Le 21 octobre 1967, près de 100 000 personnes ont défilé à Washington, D.C. pour manifester pacifiquement autour des bâtiments du Pentagone afin de protester contre la guerre au Vietnam. Un photographe de l’agence Magnum, Marc Riboud, a alors documenté les événements. La dernière image qu’il a capturée est celle de Jan Rose Kasmir, 17 ans, qui brandit une fleur de chrysanthème devant une rangée de soldats de la Garde nationale armés de baïonnettes.
Kasmir n’était pas consciente que la photo était prise à l’époque, mais l’image en est venue à représenter la bravoure et le pouvoir de la protestation pacifique. S’adressant au Guardian en 2015, Jan Rose Kasmir a déclaré : « Ce n’est que lorsque j’ai vu l’impact de cette photographie que j’ai réalisé que ce n’était pas seulement une folie passagère – je défendais quelque chose d’important. »
Marc Riboud a effectué plusieurs voyages au Vietnam dans les années 1960, voyant par lui-même la guerre dont il avait entendu parler et débattu dans la presse. « Il était difficile de ne pas éprouver de la sympathie pour ces Vietnamiens qui opposaient une résistance si courageuse aux bombardements incessants, dit-il, et la sympathie aide à comprendre un pays, pour une personne, bien mieux que l’indifférence ou l' »objectivité » (qui est de toute façon une notion fallacieuse). »

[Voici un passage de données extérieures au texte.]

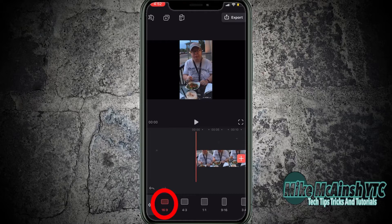As you can see the standard background is black. I can add a blurred background to fill the black space.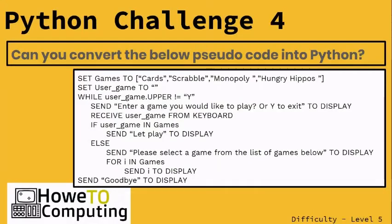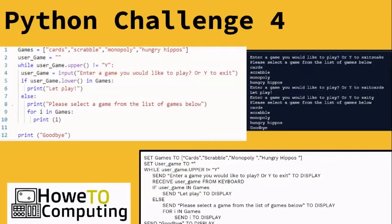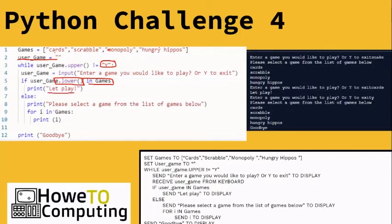Have a look at this pseudo-code and see if you can transfer it into Python. You should have defined an array at the top — I've left 'user_games' blank. There's a while loop that runs until the user enters 'yes'. We take a user input and validate it using dot-lower. If the user input is in the array 'games', it says 'let's play'; if not, it says it's not in the array and then prints each game in the array on a new line.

Son travail de couverture des manifestations du Pentagone s’inscrivait dans la continuité de cette ligne d’intérêt. Une poignée d’autres images, prises le même jour, montrent ce que les manifestants ont dû voir face à une rangée de baïonnettes, et donnent une idée de l’ampleur de l’événement.

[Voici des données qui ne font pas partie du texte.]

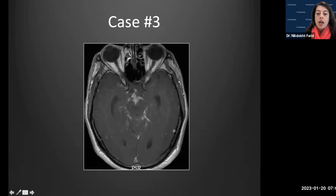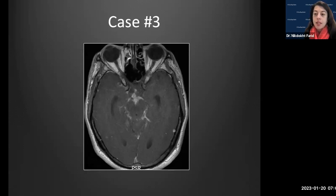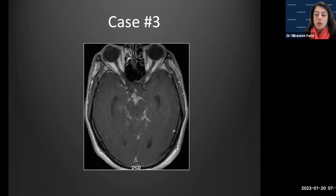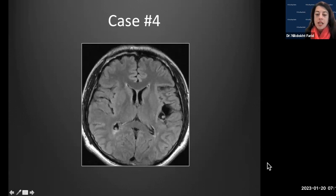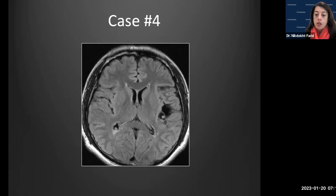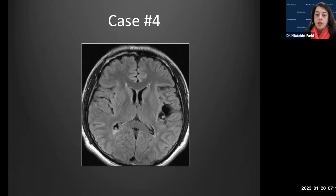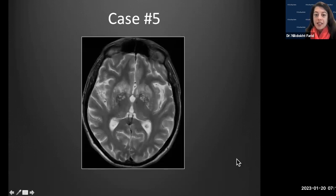Case three shows a single axial T1 post-contrast image at the level of the midbrain. The history for all these cases you can guess: fever, headache, maybe altered mental status. Case four is a single axial FLAIR image — direct your eyes to the region of the left Sylvian fissure and also to the atrium of the right lateral ventricle. Case five is a single axial T2 image at the level of the basal ganglia.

Riboud s’est souvenu de l’événement de la journée pour un essai sur sa carrière, qui a été publié en 1989 :
« Un jour d’octobre 1967, je me suis retrouvé à Washington, emporté par le courant d’une cause alors simple et directe. Une foule immense et extatique défilait pour la paix au Viêt Nam, tandis que le soleil d’un été indien inondait les rues de la ville. Des centaines de milliers de jeunes hommes et de jeunes femmes, noirs et blancs, se rapprochaient avec défi du Pentagone, la citadelle de l’armée la plus puissante du monde et, pour un jour, la jeunesse américaine présentait à l’Amérique un beau visage. Je prenais des photos comme un fou, épuisant la pellicule à la tombée de la nuit. La toute dernière photo était la meilleure. Dans mon viseur, il y avait le symbole de cette jeunesse américaine : une fleur tenue devant une rangée de baïonnettes. La puissance de l’Amérique ce jour-là, a présenté l’Amérique avec un visage triste. »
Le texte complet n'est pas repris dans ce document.